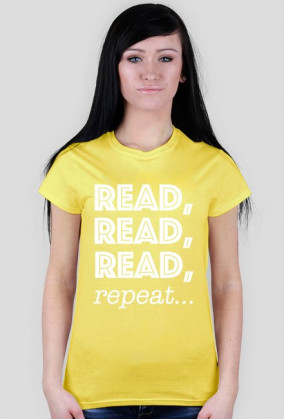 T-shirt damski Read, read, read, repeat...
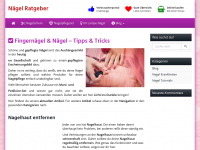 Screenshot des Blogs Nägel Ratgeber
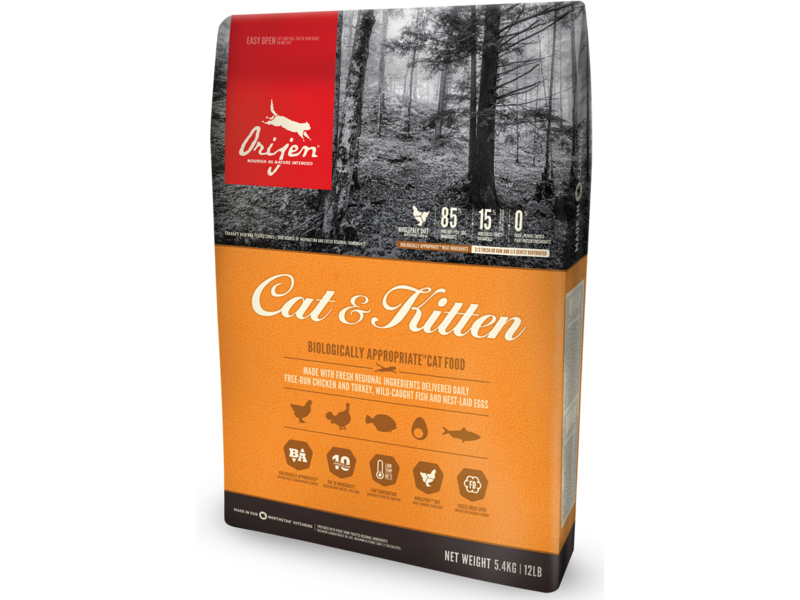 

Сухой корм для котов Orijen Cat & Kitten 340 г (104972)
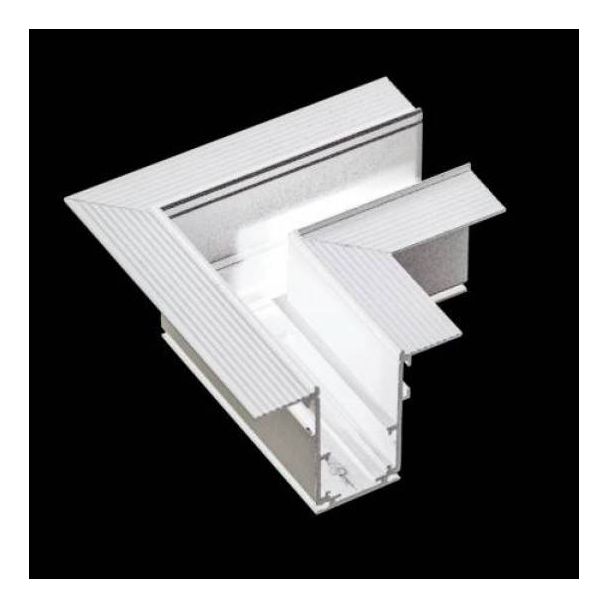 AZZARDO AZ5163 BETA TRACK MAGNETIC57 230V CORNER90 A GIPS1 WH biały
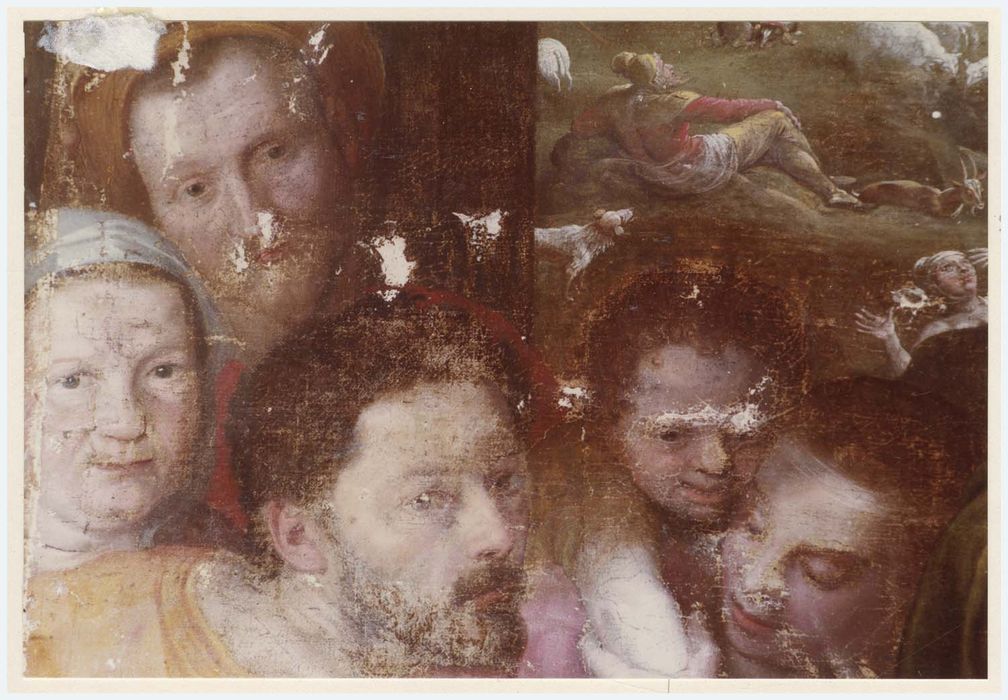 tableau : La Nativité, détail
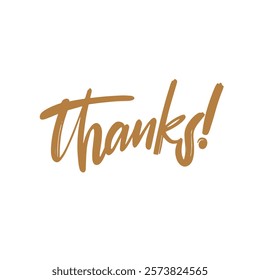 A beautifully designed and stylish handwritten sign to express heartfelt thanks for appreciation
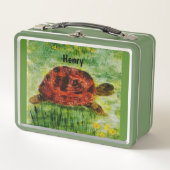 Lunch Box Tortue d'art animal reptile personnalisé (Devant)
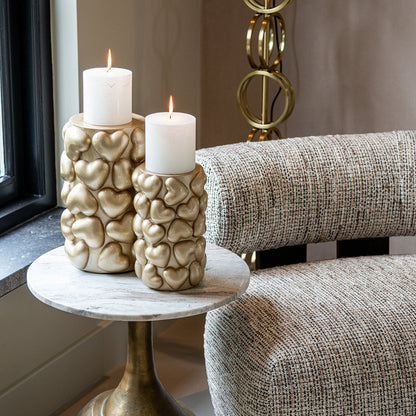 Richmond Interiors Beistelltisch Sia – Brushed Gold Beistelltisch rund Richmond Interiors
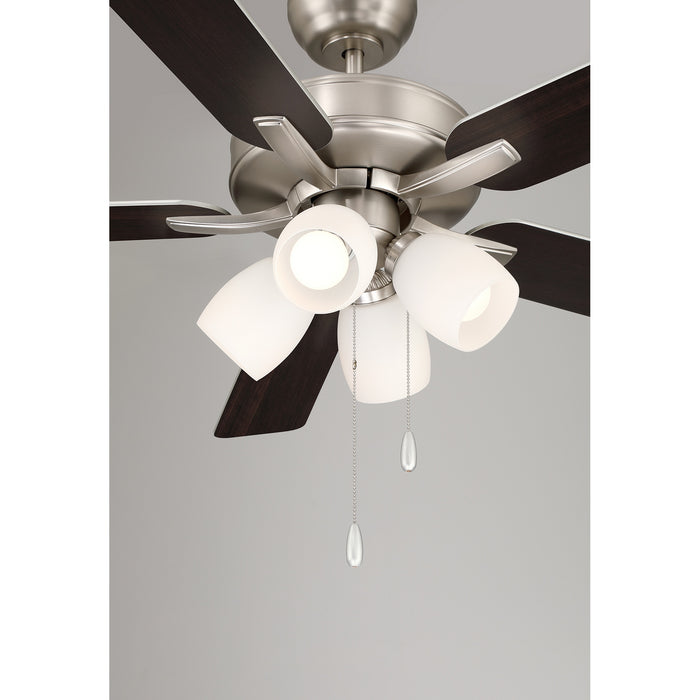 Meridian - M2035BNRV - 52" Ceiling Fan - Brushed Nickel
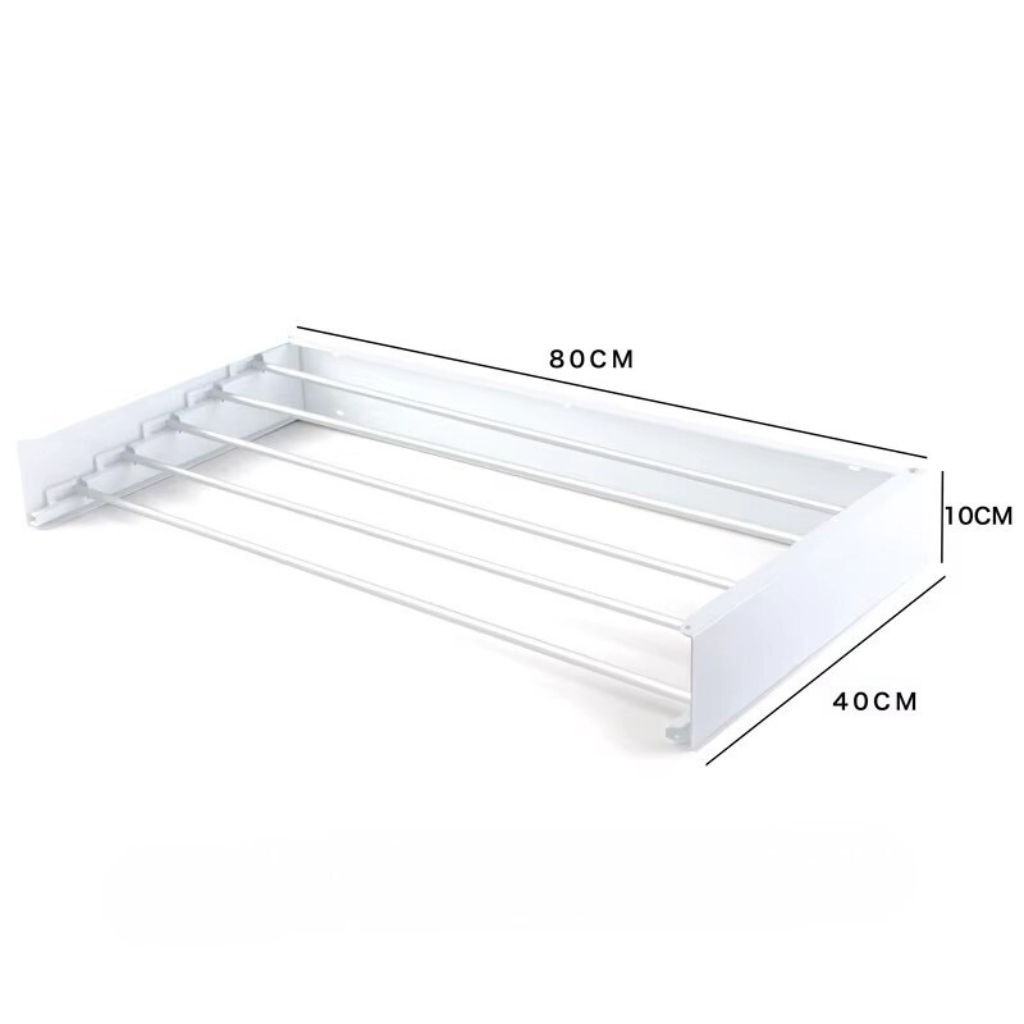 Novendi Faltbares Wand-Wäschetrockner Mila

**ACTIVITY**. Your reply should hold only the records, duplicated exactly, without any image.

**TASK RESPONSE**.
 T-shirt damski Read, read, read, repeat...
 Screenshot des Blogs Nägel Ratgeber

Сухой корм для котов Orijen Cat & Kitten 340 г (104972)
 AZZARDO AZ5163 BETA TRACK MAGNETIC57 230V CORNER90 A GIPS1 WH biały
 tableau : La Nativité, détail
 A beautifully designed and stylish handwritten sign to express heartfelt thanks for appreciation
 Lunch Box Tortue d'art animal reptile personnalisé (Devant)
 Richmond Interiors Beistelltisch Sia – Brushed Gold Beistelltisch rund Richmond Interiors
 Meridian - M2035BNRV - 52" Ceiling Fan - Brushed Nickel
 Novendi Faltbares Wand-Wäschetrockner Mila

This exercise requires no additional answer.